WHAT YOU NEED TO DO: Your task is to reproduce the listing exactly, without its images.
....
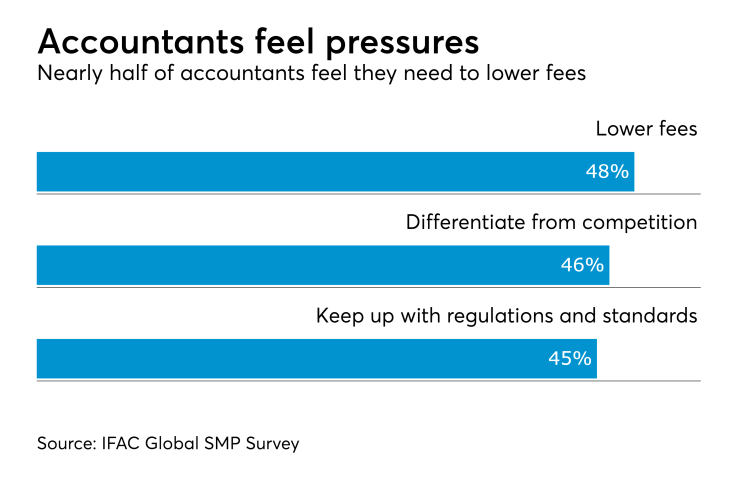 Accountant pressures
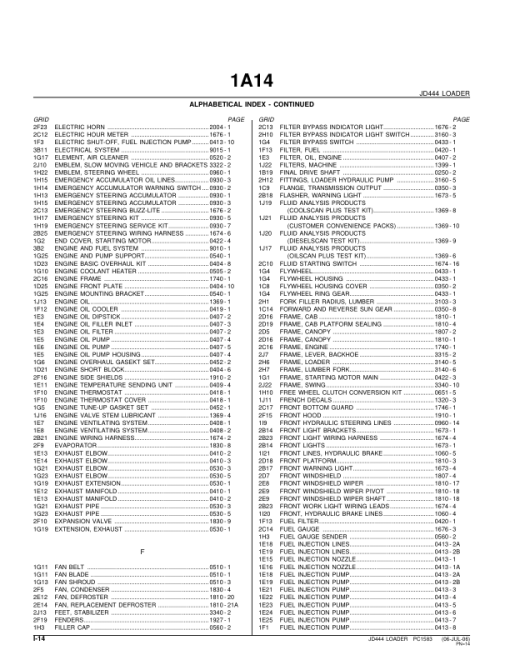 John Deere 444 Loaders Parts Catalog Manual - PC1583 - Image 2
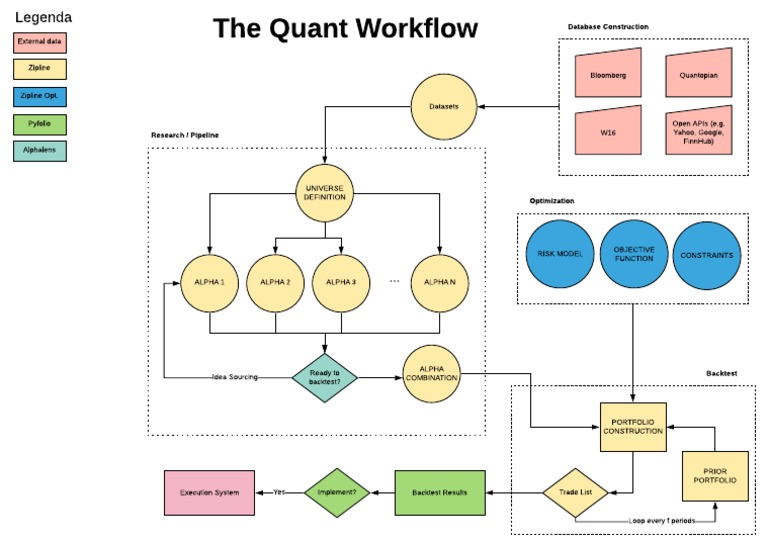 Quantitative Trading System Overview | PDF | Computer Data | Data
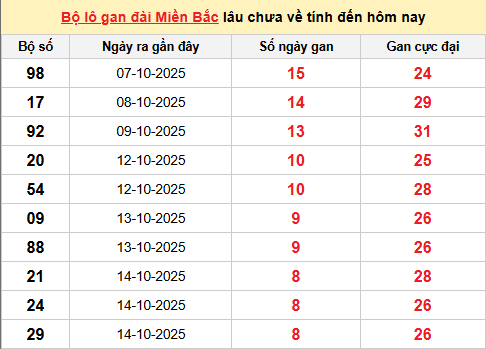 Bảng lô gan XSMB 23/10/2025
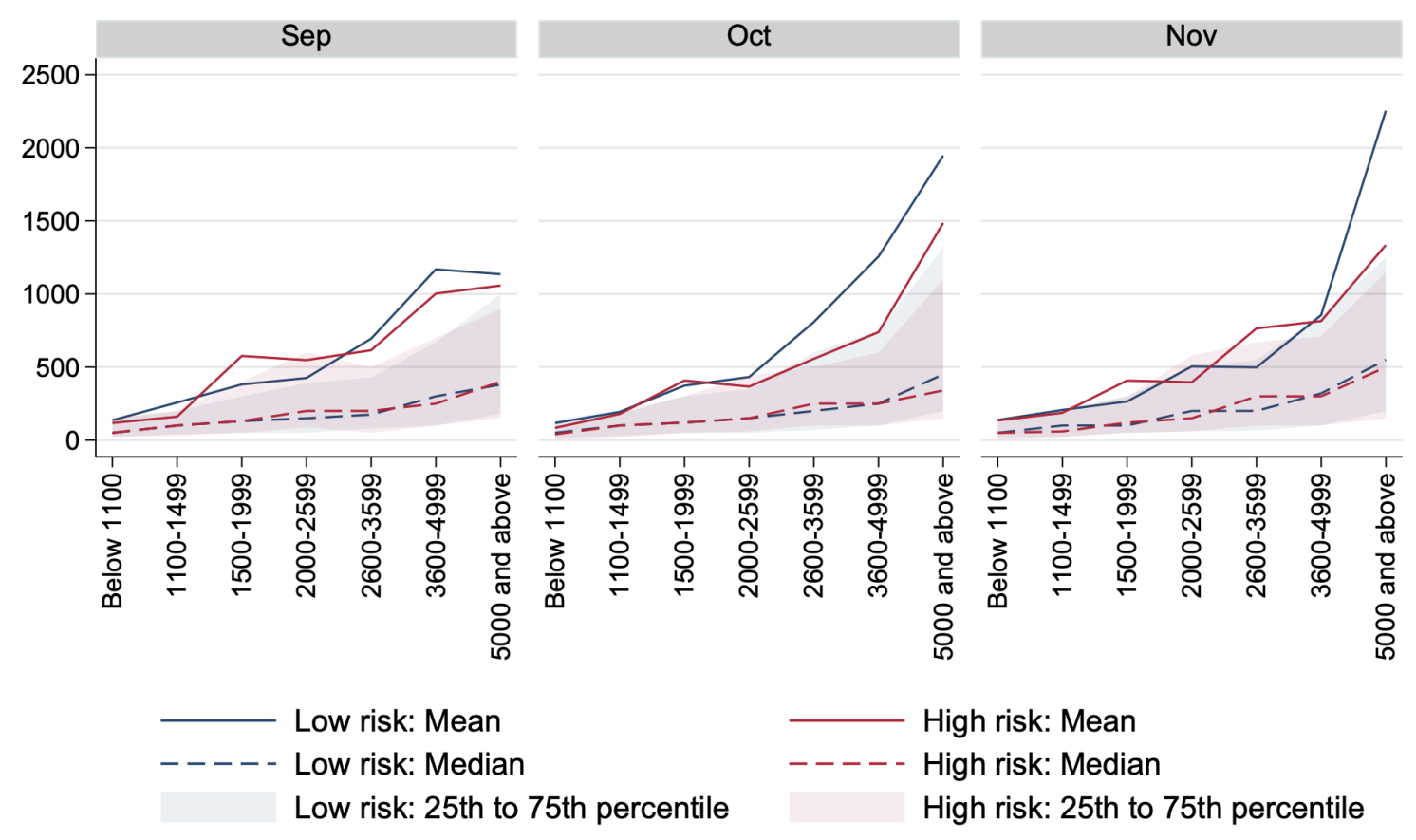 Figure 1c Engel curves of durables consumption expenditure over time, by infection risk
....
OUTPUT OF THE TASK:
 Accountant pressures
 John Deere 444 Loaders Parts Catalog Manual - PC1583 - Image 2
 Quantitative Trading System Overview | PDF | Computer Data | Data
 Bảng lô gan XSMB 23/10/2025
 Figure 1c Engel curves of durables consumption expenditure over time, by infection risk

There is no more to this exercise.